Für mich ist klar, dass wir nach der Krisenbewältigung in eine kritische Analyse gehen müssen. Kann man Ausgaben begrenzen und mehr Nachhaltigkeit schaffen, auch zwischen Amateur- und Profifußball?Viele Klubs engagieren sich wie der 1. FC Köln sozial, helfen in ihrer Region, in der sie fest verwurzelt sind. Profifußball, das ist nicht nur Paris St. Germain und Stars mit Ferraris.
Profifußball kämpft ums Überleben
Jonas Hector kommt mit dem Fahrrad zum Training. Viele Spieler sind bodenständige Jungs, die ihrem Sport seit Kindesbeinen alles unterordnen. Profifußball ist der Platzwart, die Mitarbeiterin der Buchhaltung, die Aushilfe im Fanshop. Die Fans, die ihre Klubs gut kennen, wissen das. Allen anderen müssen wir das besser vermitteln.
Aktuell geht es aber um etwas anderes. Der Profifußball kämpft ums Überleben, so wie andere Mittelständler, so wie Betriebe in Kultur und Gastronomie, mit denen wir in einem Boot sitzen. Die Bundesliga schafft und sichert Arbeitsplätze für Zehntausende und zahlt pro Jahr mehr als eine Milliarde Euro an Steuern und Abgaben. 40 Millionen Fans in Deutschland lieben Fußball. Wir haben nie eine Sonderstellung eingefordert, sondern eine faire Chance, um uns aus dieser Krise zu befreien. Aus eigener Kraft.

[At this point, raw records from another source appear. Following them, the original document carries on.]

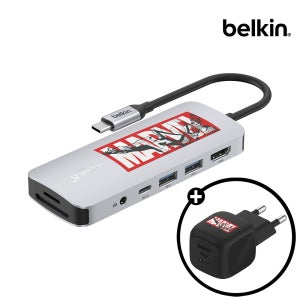 벨킨 마블 스파이더맨 7in1 USB C타입 멀티 허브 AVC009qcMV 아이패드 맥북 에어 M5 프로 윈도우 노트북 호환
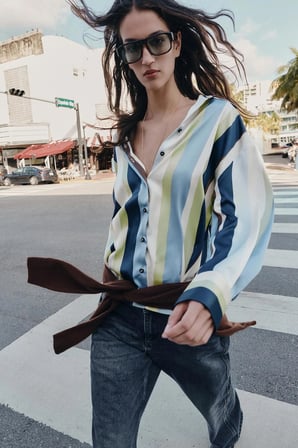 ALLBUCKS ZARA Çizgili Saten Gömlek ABZRA00182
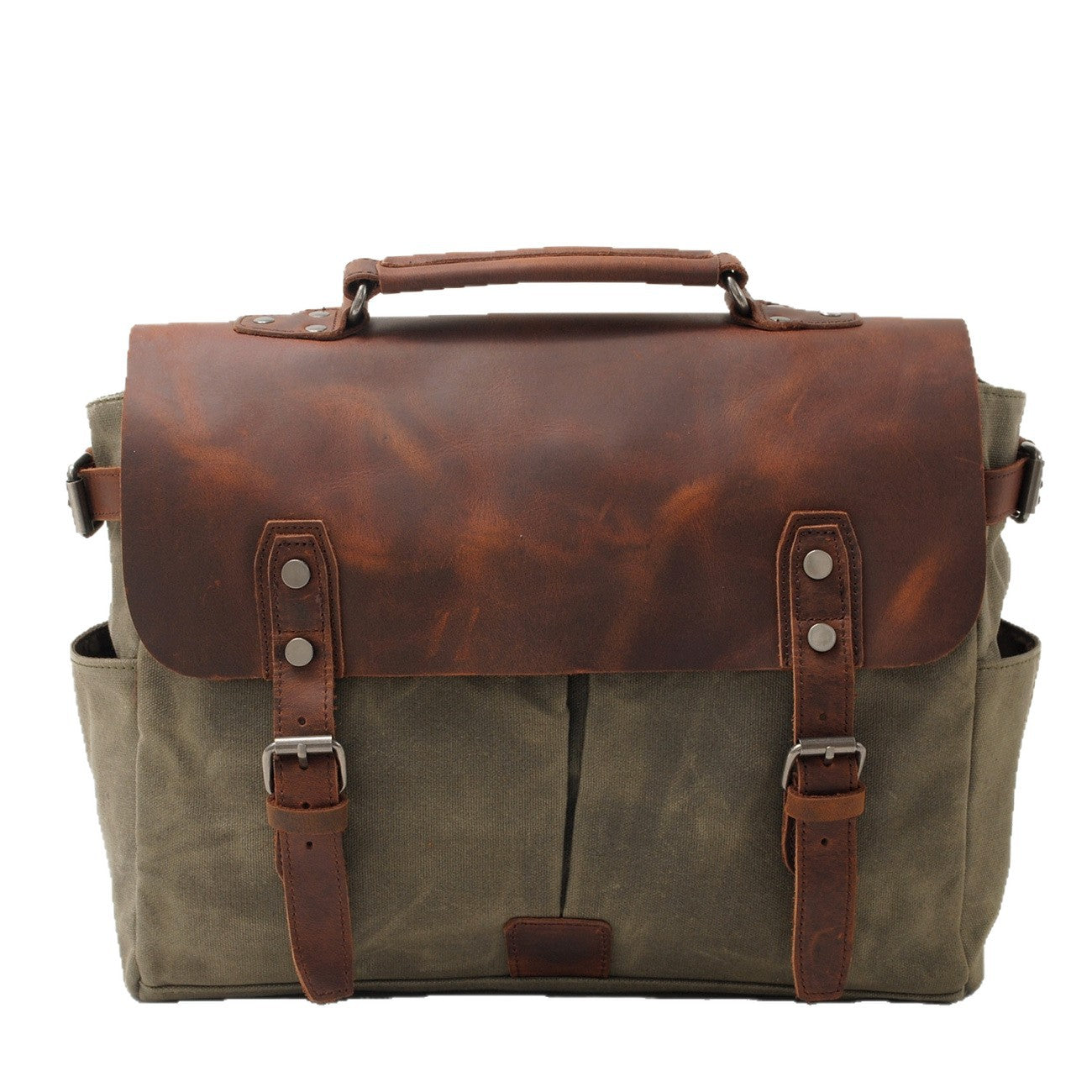 Stitching Oil Wax Canvas Portable Inch Men's Briefcase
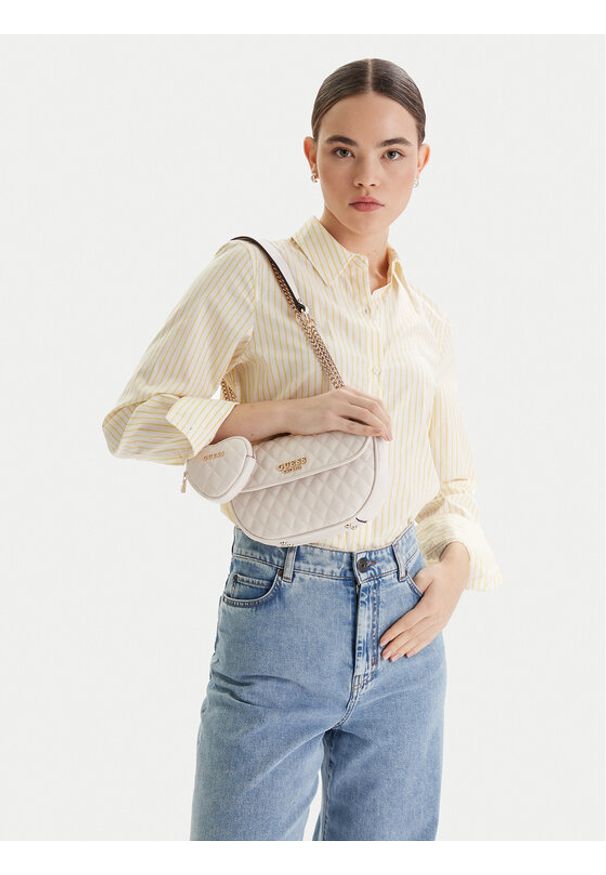 Guess Torebka Atabey HWQG98 94210 Écru. Kolor: kremowy. Materiał: skórzane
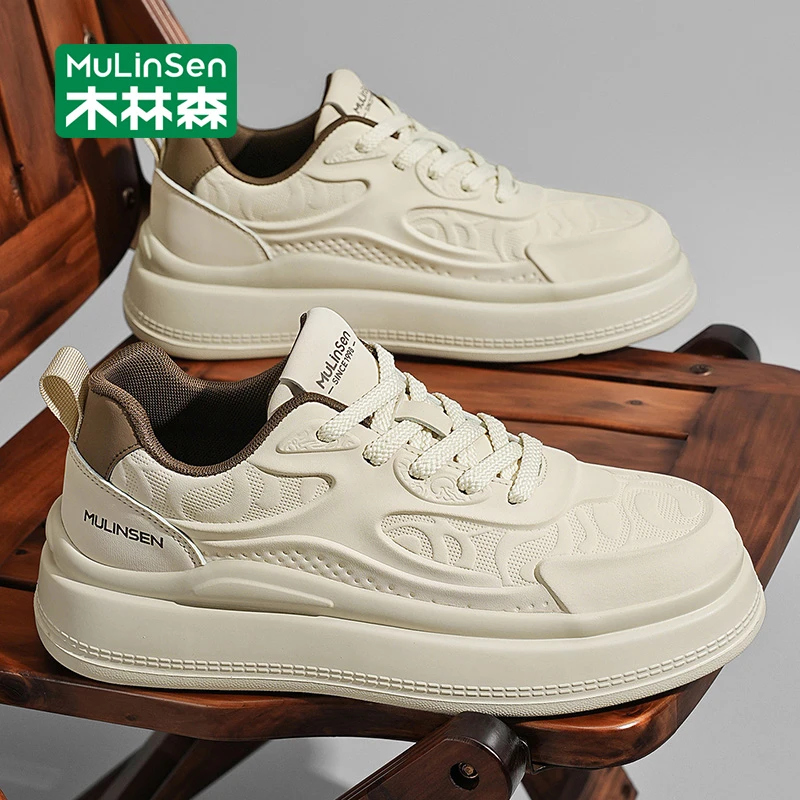 木林森正品男鞋2025秋季新款网红爆款时尚厚底增高运动休闲板鞋男
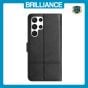 Brilliance LUX Samsung S24 Ultra Flip PU Leather Wallet ShockProof Imprinted Cowhide Texture with Wrist Strap Case Black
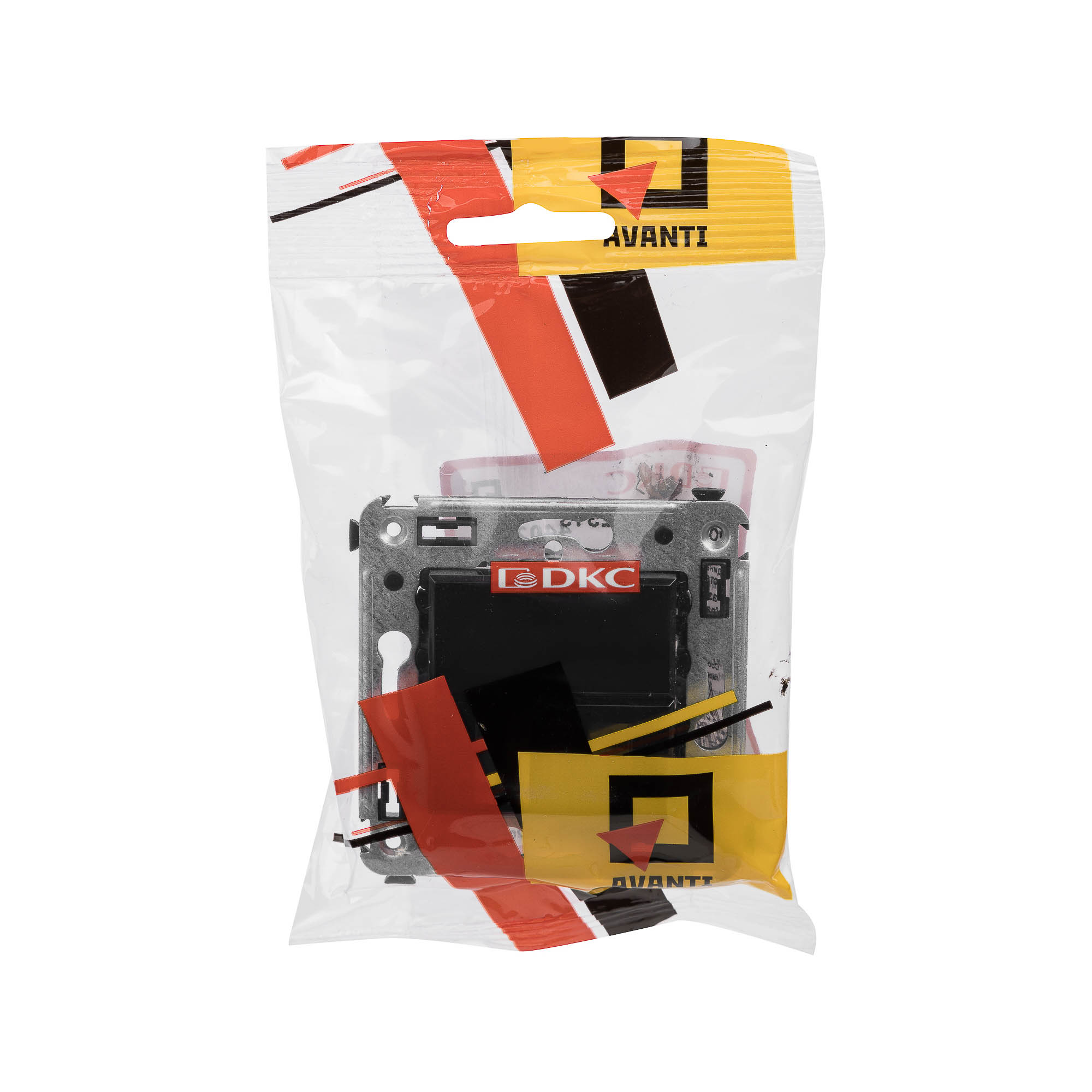 Телефонная розетка RJ-12 в стену одинарная, "Avanti", "Черный квадрат"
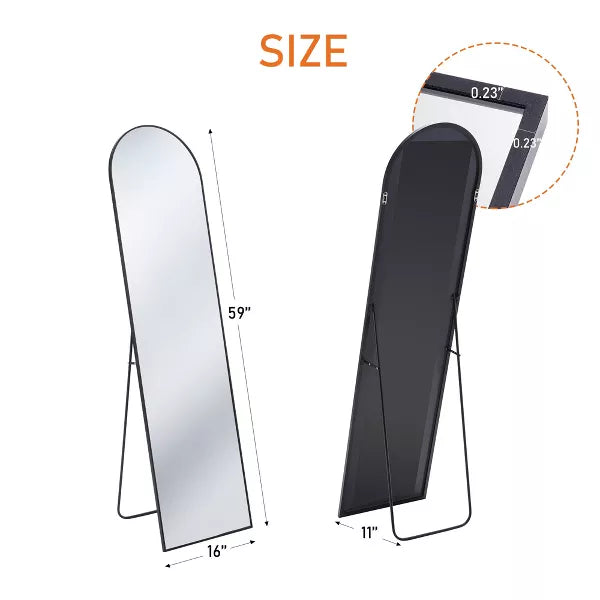 Wooakway Metal Arch Full Length Mirror Freestanding Mirror Wall Mirror Decorative Mirror Black/Gold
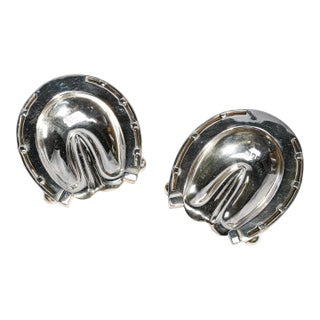 Rare Pair Sampson Mordan Antique Victorian English Sterling Silver Horse Equestrian Trinket Dish Catchall For Sale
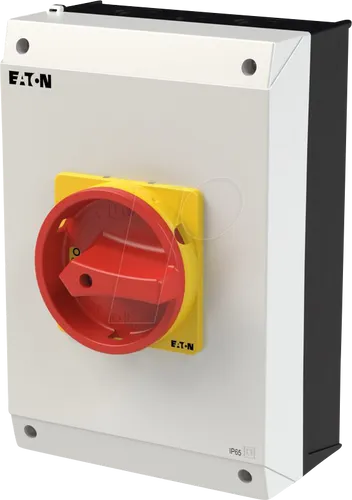 EATON 207349 Hauptschalter 3-pol + N, 63 A - Robuster Hauptschalter mit rotem Griff und abschliessbarem Mechanismus, ideal für den sicheren Betrieb in elektrischen Installationen. Geprüfte Qualität nach IEC/EN 60947-3.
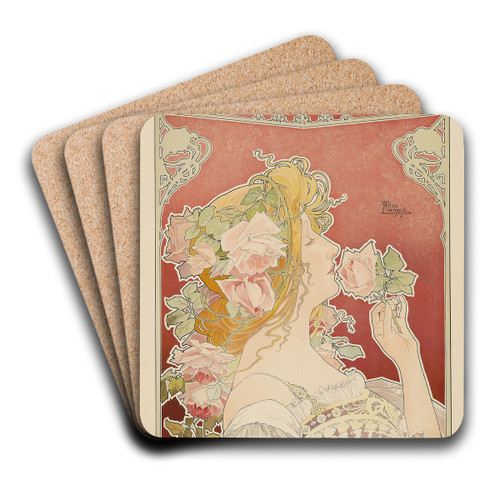 J.C. Boldoot Eau de Cologne; Parfumerie Amsterdam by Henri Privat-Livemont Art Drink Coaster set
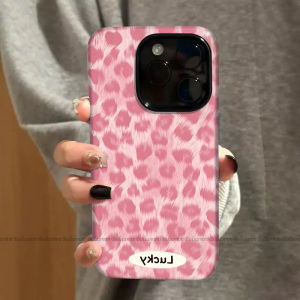 Pink Leopard Print Silicone Phone Case for Apple 17Promax 12 13 14Max 15Plus Anti-Fall Full Cover Cute Personalized Celebrity Brand 6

TV-Partner haben Klubs gerettet
Dank der TV-Partner haben wir diese Chance. Sonst würde es einige der Klubs, die den Volkssport Fußball traditionell ausmachen, nach der Krise nicht mehr geben. Entsprechend bin ich erleichtert, dass die Politik es uns ermöglicht, weiterzuspielen. Fußball ist für unsere Spieler kein Hobby. Es ist ihr Beruf, auf dessen Ausübung sie wie jeder andere Bürger ein Recht haben.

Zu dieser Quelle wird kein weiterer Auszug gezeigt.